如何回应同行评审的意见将精心撰写的研究论文投递至目标期刊后，在收到期刊编辑的决定前，你极有可能需要焦虑不安地等待数周甚或数月。

如果你已做好有效应对的准备，期刊的决定和同行评审的建议并不是难以处置的事。

回答同行评审的技巧作为作者，你可能会害怕收到同行评审员要求你进行重大修改的建议。

对耗费大量精力撰写的论文进行一系列的论文修改、英文修改确实令人胆怯。

但是不要放弃。

在大多数情况下，最终的论文发表结果值得你付出。

以下是关于如何回答评审建议的一些方法。

∙休息一会：刚开始受刺激是很自然的事情。

休息一段时间，然后再重新仔细客观地阅读评审建议，以确保自己充分理解了评审员的观点。
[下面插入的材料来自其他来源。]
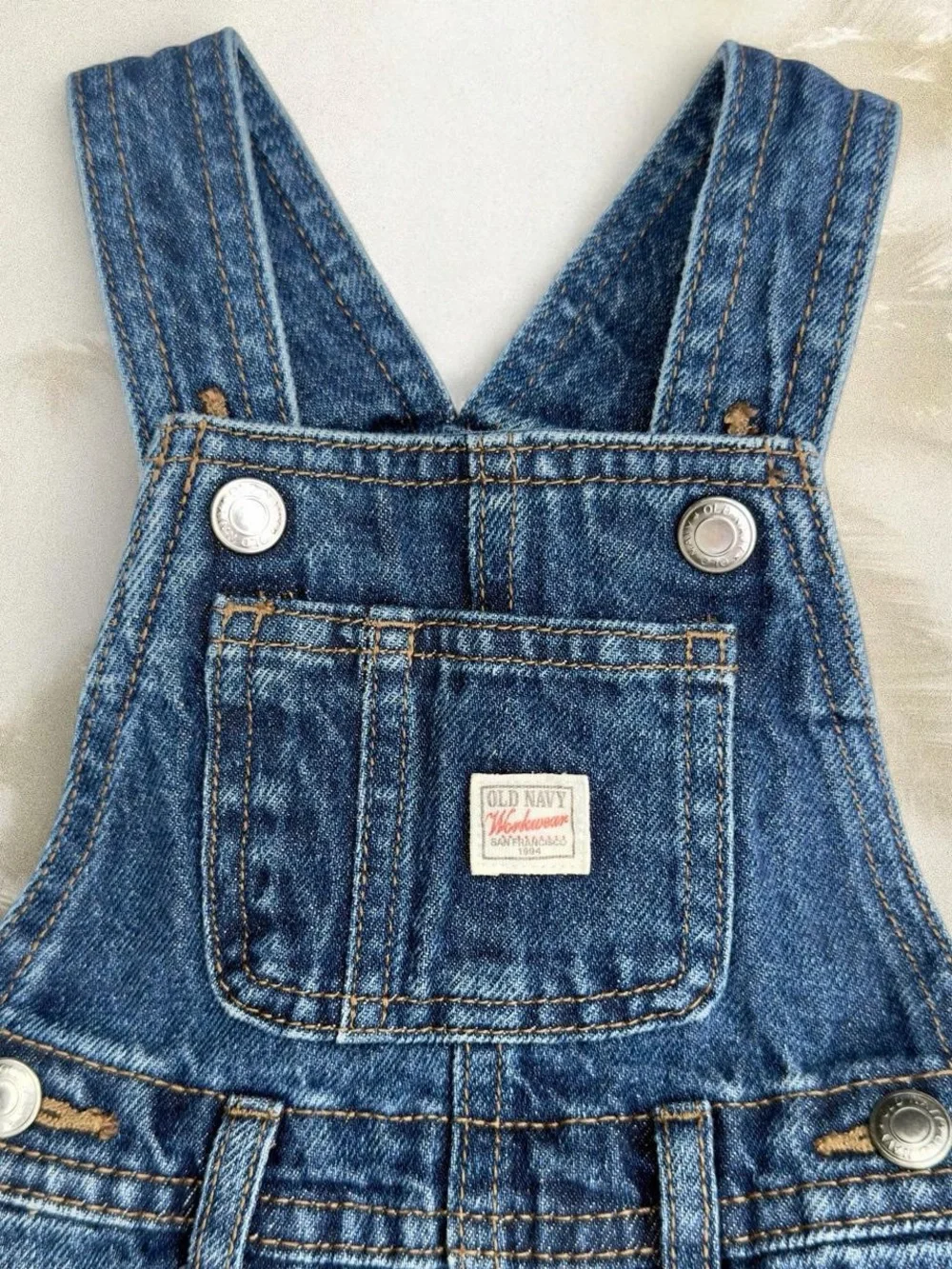 Old Navy Denim Overalls (Kid’s)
∙逐条回答：对评审员的建议进行编号并按顺序进行回答。

使用标题如“评审员1”后接“建议1”。

确保回答同行评审员或期刊编辑所提出的所有观点非常重要。

∙提供理由充分的证据：如果不同意评审员的建议，你就应该如实作答。

但是，不能只是简单地说明自己的意见不同。

应尽可能多地提供必需的详细信息，以帮助评审员理解您的论点。

如有可能，应引用已发表研究来支持你的论据。

∙注意细节：在介绍您如何处理各种建议时，细节非常重要。

例如：如果评审员认为你需要添加/重新解释数据，你可阐述你从事过的试验和获得的结果，并说明你添加此信息的位置。

你应考虑地很周到，甚至可粘贴根据评审员建议在论文中添加或修改的具体句子，因为这样可省却编辑/评审员在不同文件间交替审看的麻烦。

∙注意你的语气：请记住，评审员评论的是你的论文而不是你本人。

你的回答不能反映出抱怨情绪。

如果你不同意某些建议，应该如实且谦虚地提出来，并采用合理科学的解释来支持你的观点，如可能，引用参考文献作为论据。

∙感谢同行评审的工作：同行评审员投入自己的时间对你的论文进行评审，不计任何报酬。

在大多数情况下，他们的评审目的是帮助作者改进自己的研究。

应充分利用他们的建议。

事实上，冗长而又详细的评审建议清单通常意味着评审员耗费了大量时间以评估你的研究并提供建设性反馈建议。